Luce later founded the state policy think tank Texas 2036, "a nonpartisan 501c3 nonprofit that hopes to use data and research to drive the planning and policy Texans will need to address challenges impacting [the] state's future."

==Death==
Luce died from a cardiac arrest on July 25, 2026, at the age of 86.

==Honors==
In 2012, U.S. News & World Report inducted Luce into the U.S. News STEM Leadership Hall of Fame.

Luce was recognized and honored by Republican Congressman Lamar Smith on the floor of the United States House of Representatives in 2012 "for his years of leadership and contributions to improving our public schools, strengthening higher education and supporting business and economic growth," and in 2015 by Democratic Congresswoman Eddie Bernice Johnson for his role in education reform in Texas.
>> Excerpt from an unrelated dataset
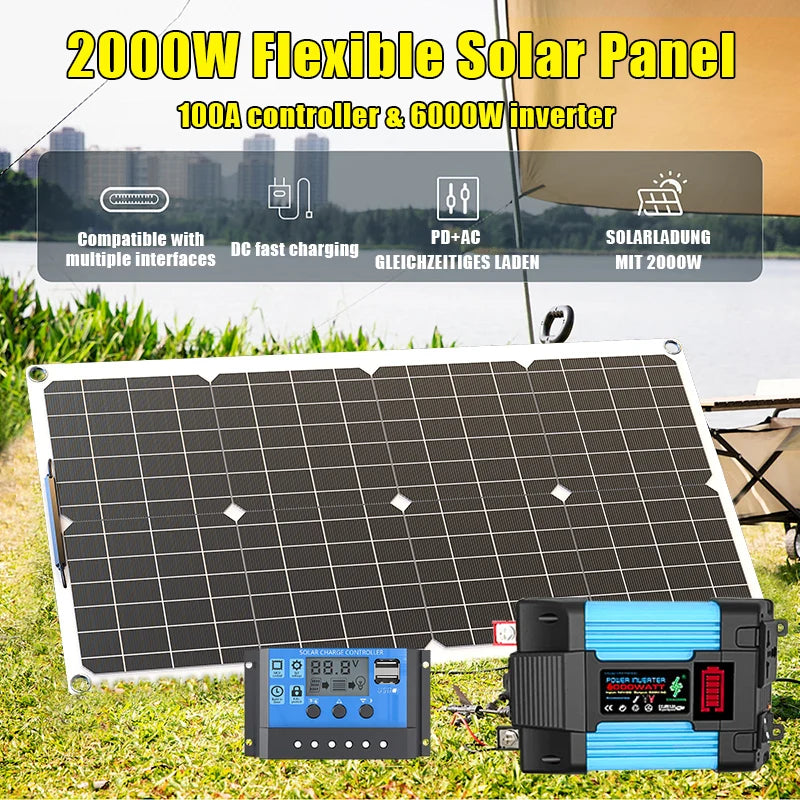 2000W Solar Panel Kit - 12V Battery Charger 4000W 110V/220V Inverter for Complete Home & Outdoor Power System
In 2015, Sarah Fullinwider Perot and Ross Perot Jr. donated $1.75 million to endow the Thomas W. Luce, III Centennial Dedman Law Scholars Program at Southern Methodist University.

In 2018, he was awarded the 2018 Linz Award, an annual honor recognizing enduring civic or humanitarian efforts benefiting Dallas.

In 2021, Luce was inducted into the Dallas Business Hall of Fame.

In 2025, he was the recipient of the George W. Bush Institute Trailblazer Citation.